A fare da fil – rouge allo svolgimento narrativo, la storia d’amore tra Pina e Carmine in una Reggio già in tumulto. In una piazza gremita di gente le vite di queste due persone si incrociano, così per caso, e da lì  il testo prende vita attraverso le parole della Chiellino (utilizza un linguaggio che è un incontro tra l’italiano e dialetti tra il siciliano e i calabresi). Con la sua piccola statura, questa talentuosa attrice dà voce a più personaggi e lo fa con una dolcezza quasi materna espressa dal suono gentile e sottile della sua voce e i gesti decisi e fermi delle sue braccia.

Di evocativa funzionalità, il suo corpo ricrea gli scenari degli anni della rivolta e della lotta, delle barricate e degli scontri con la polizia. Nelle lacrime che le rigano il volto rivivono i morti che hanno macchiato le strade reggine con il proprio sangue, che fossero testimoni oculati o attivisti in rivolta poco cambia.

A sostenere un lavoro di per sé già ben riuscito, la scelta di Ulderico Pesce cade sulla proiezione di immagini di repertorio: foto, video e prime pagine dell’epoca. Queste istantanee arrivano al pubblico come un fendente che colpisce lì, dove l’emotività è già vibrante.
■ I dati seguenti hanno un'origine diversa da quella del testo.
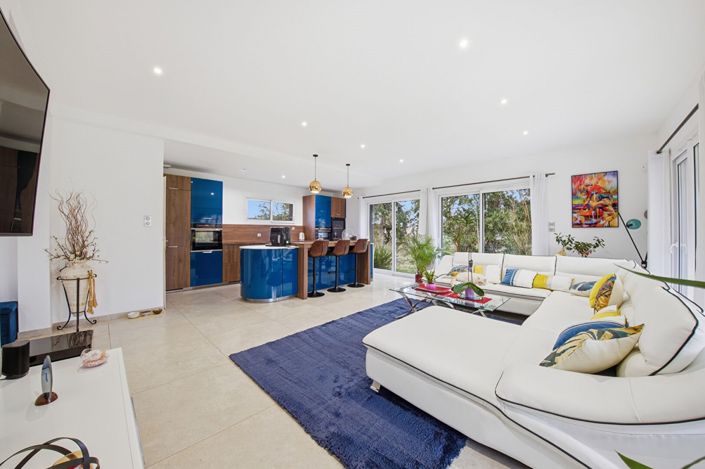 Image No.7-3 Bed Property for sale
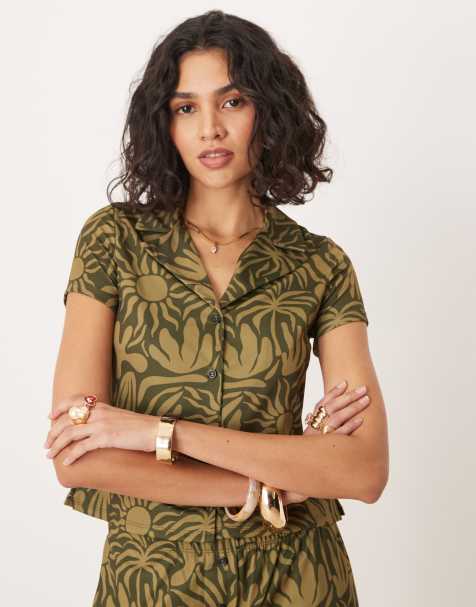 ASOS DESIGN - Camicia attillata kaki a fiori con rever in coordinato - view 1
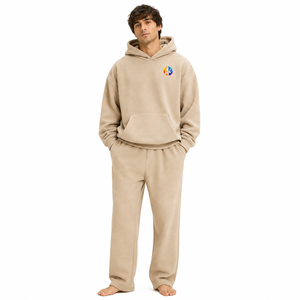 Combinaison en polaire surdimensionnée pour homme, offre un tissu en polaire doux, une coupe ample et décontractée, un toucher doux et une chaleur confortable pour les tenues décontractées et les activités de plein air. - Product Image 1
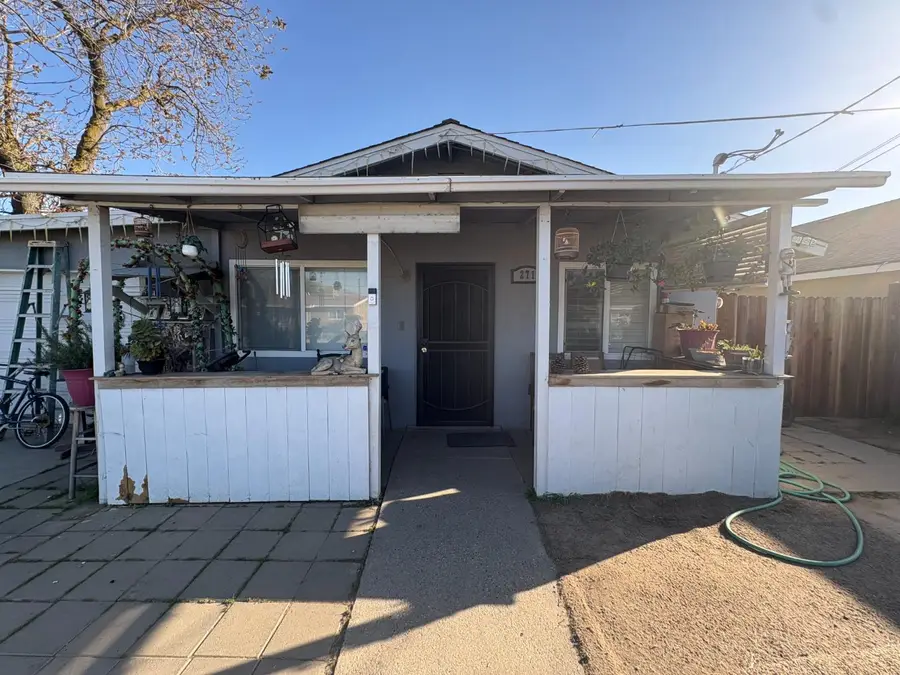 271 W Almy Avenue, Fresno, CA 93706 - #2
Le digressioni temporali sono scandite dalle musiche e dalla luce del piazzato che diventa sempre più calda e scura: lì Pina rievoca il primo incontro con Demetrio, gli incontri degli anarchici nel bar di quest’ultimo, il ricordo della loro morte. Giocato in un tempo presente a cui non si può dare una data che non sia costantemente aggiornata, questo racconto affronta i flashback della memoria storica, collettiva e personale.

Le sedie – stratagemma drammaturgico che ha assunto molteplici scopi (sia persone che posti a sedere) -, diventano la Mini Minor che fu protagonista in quella tragica notte del  26 settembre 1970 in cui cinque anarchici (Franco Scordo, Gianni Aricò, la sua fidanzata Annalise Borth, Angelo Casile e Luigi Lo Celso) persero la vita in un incidente causato dallo scontro con un autotreno. I cinque ragazzi, di età compresa tra i 18 e 26 anni, stavano indagando e avevano recuperato una vasta documentazione su due episodi che sconvolsero quell’estate del 1970: gli stessi moti di Reggio, riguardo ai quali sembravano esserci infiltrazioni da parte dei neofascisti di Ordine Nuovo e di Avanguardia Nazionale che avevano obiettivi governativi maggiori rispetto al semplice capoluogo di provincia; e la strage del treno “La Freccia del Sud” avvenuta il 22 luglio 1970 a Gioia Tauro. Tra i documenti raccolti dai ragazzi, alcune prove sembravano sostenere che a determinate il deragliamento del treno fosse una bomba messa dai neofascisti e dalla ‘ndrangheta.

I nomi dei cinque anarchici è scandito più volte nel corso dello spettacolo e ogni volta suona come un’accusa; come un colpo assordante che destabilizza una quiete già precaria.

La borsa che conteneva tutti i documenti non fu mai ritrovata. «Io so. Noi sappiamo, ma non abbiamo le prove», dichiara Pina, prima che il buio e il lungo applauso del pubblico l’accompagnino alla conclusione di questo toccante spettacolo.